I really liked the twists this book was taking with explaining the ‘terraformed’ planet. From where the book ends to where it begins, you’re in a completely different place. The variation of settings kept the book moving, and provided progress for Tarver and Lilac’s journey.
I wasn’t completely convinced with the supernatural elements of the book, although the plot twist completely changed the story for me, and set it on a more enjoyable path. I thought for a book of nearly 400 pages, not a lot of the world is explained. There’s limited world building, and although both characters have backstories, they’re not delved into much in the course of the story. How did Lilac get her reputation? How did Tarver earn his prestige? I don’t know, and that let the book down for me.
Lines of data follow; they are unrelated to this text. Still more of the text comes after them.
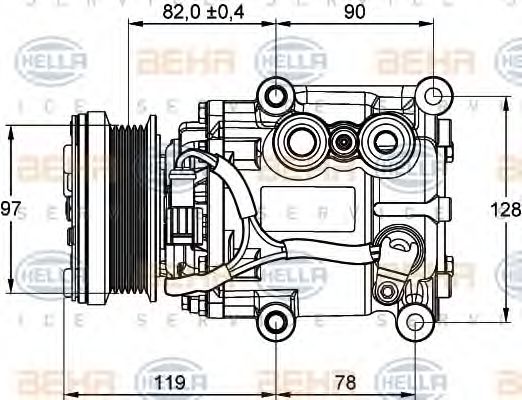 компресор, климатизация 8FK 351 113-311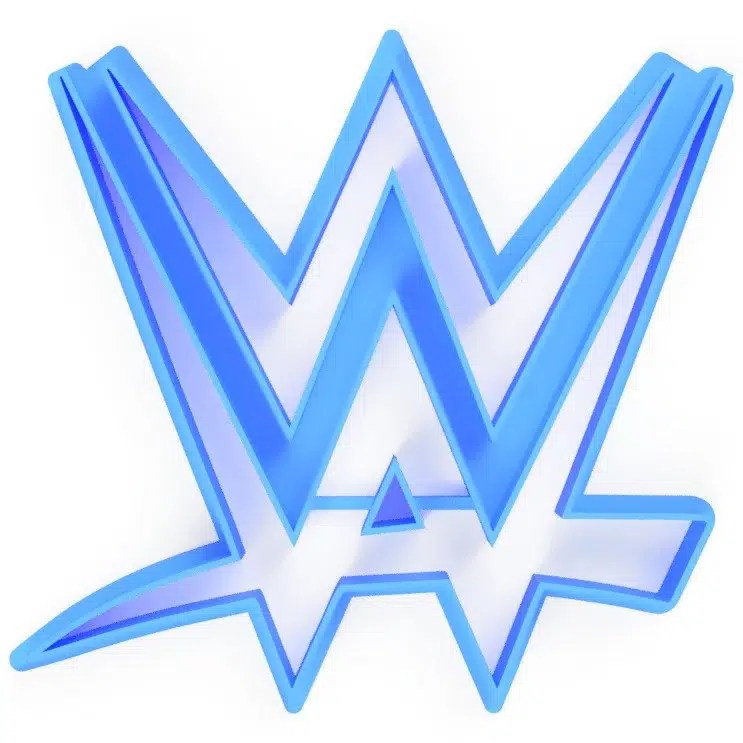 Cortador (molde) Logo WWE 4" - lucha libre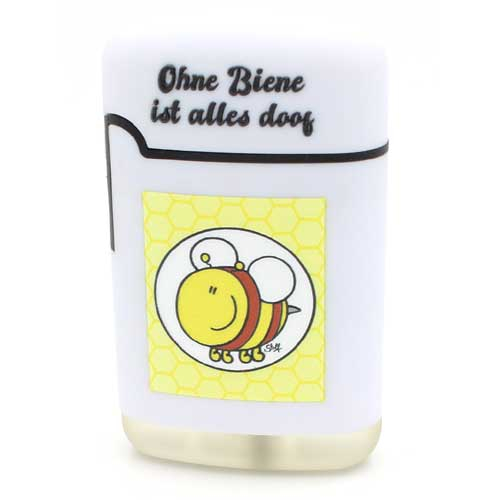 Easy Torch Jet Feuerzeug Ohne Biene ist alles doof weiß Nr.2 Easy Torch Jet Feuerzeug Ohne Biene ist alles doof weiß Nr.2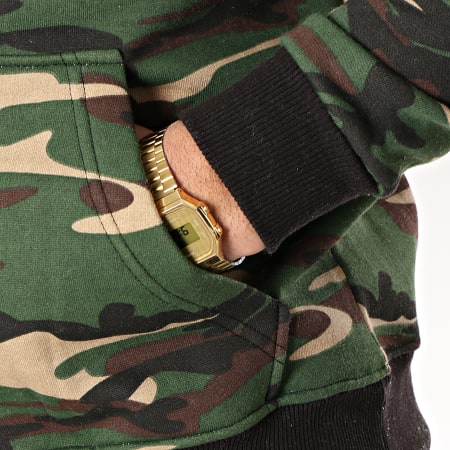 Uniplay - Sweat Capuche Camouflage SSU06 Vert Kaki
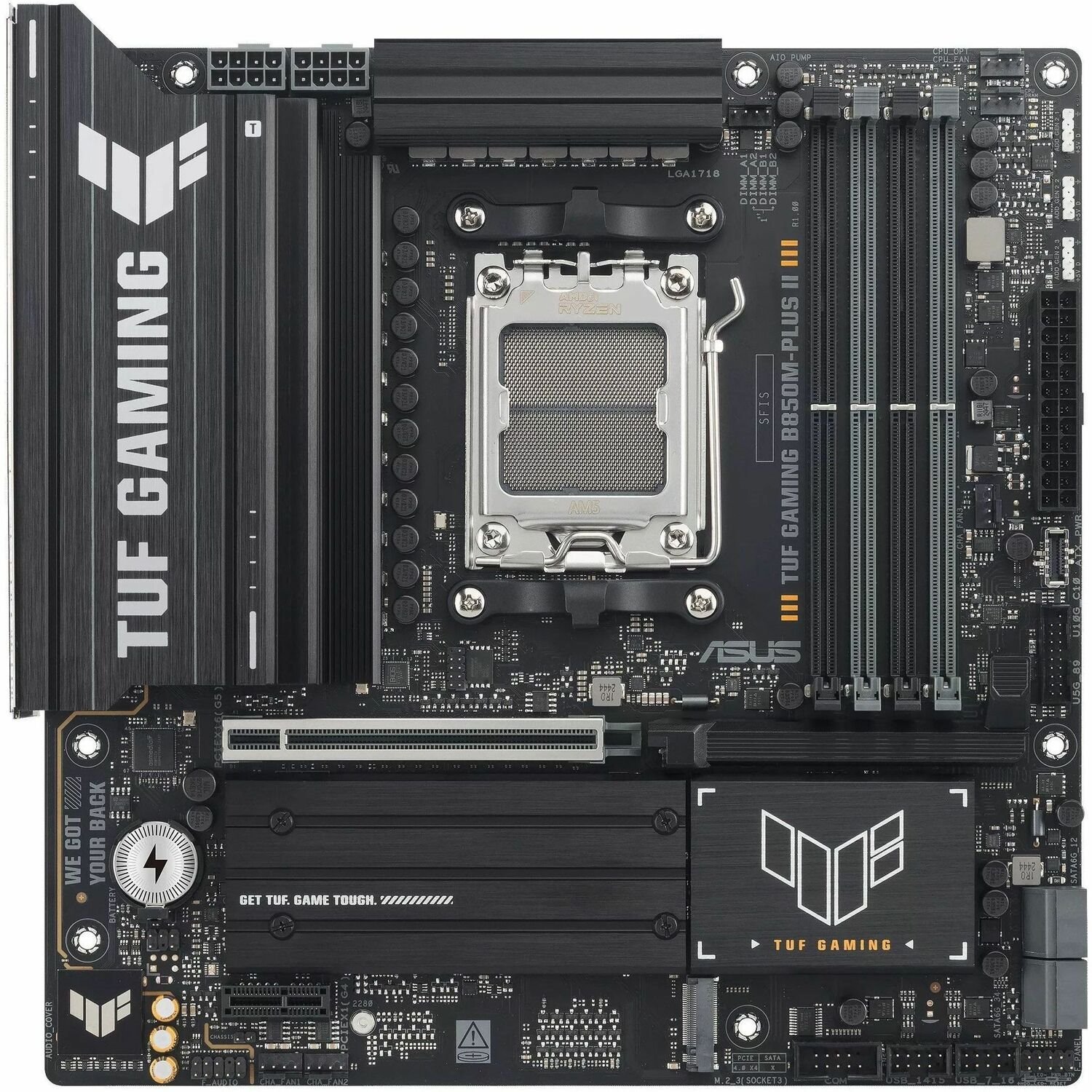 TUF B850M-PLUS II Gaming Desktop Motherboard - AMD B850 Chipset - Socket AM5 - Micro ATX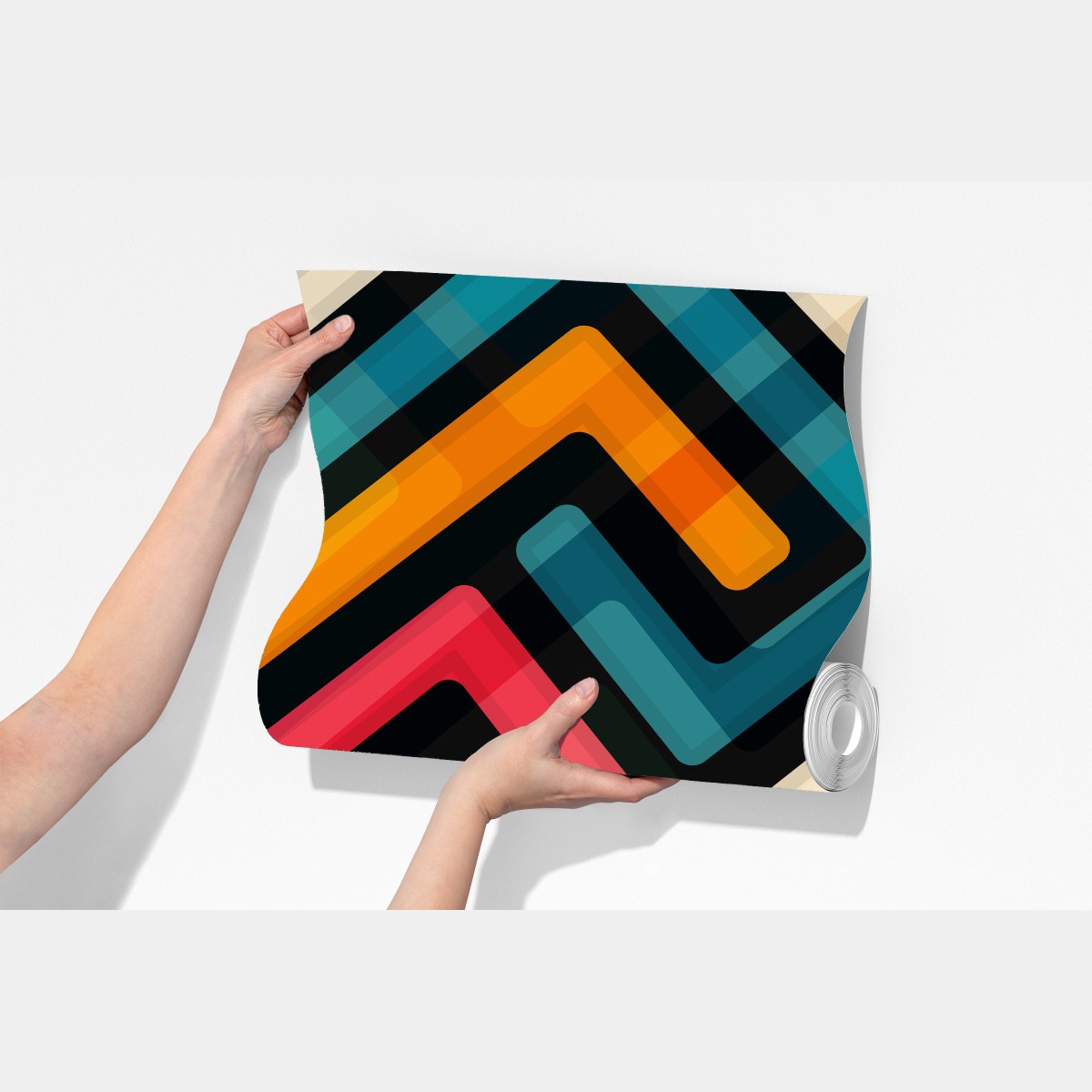 Fototapeta kolorowy geometryczny wzór labiryntu – Wallissimo® Fototapeta kolorowy geometryczny wzór labiryntu – Wallissimo®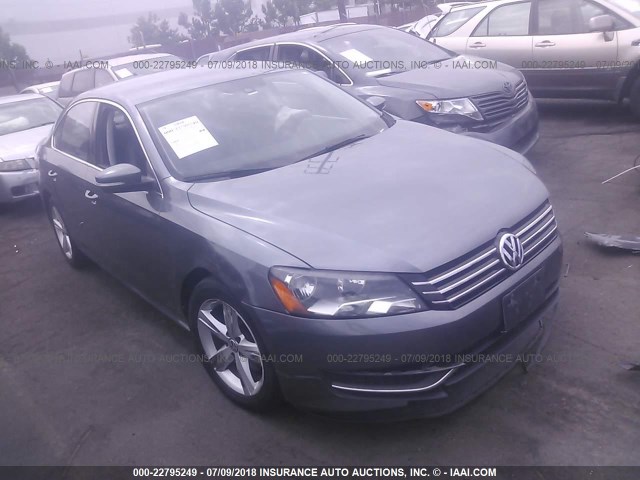 1VWBP7A30DC134370 - 2013 VOLKSWAGEN PASSAT SE GRAY photo 1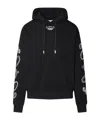 Off-white Arrow Bandana Print Hoodie In Black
Because the next book in the series isn’t about Tarver and Lilac, I wonder if I’ll ever get the information I seek. I know there’s a sort-of-prequel novella, which I plan to read soon, in hope of some answers, but generally I wasn’t satisfied. I will continue with the series, though I’m skeptical of the blurb that reads ‘a new pair of star-crossed lovers’. Surely, it would be better to write something new? Overall, I give ‘These Broken Stars’ 2.5 stars. A perfectly average book, where the good bits try to balance out the bits I didn’t like. Moral of the story? Beautiful covers don’t necessarily mean beautiful books.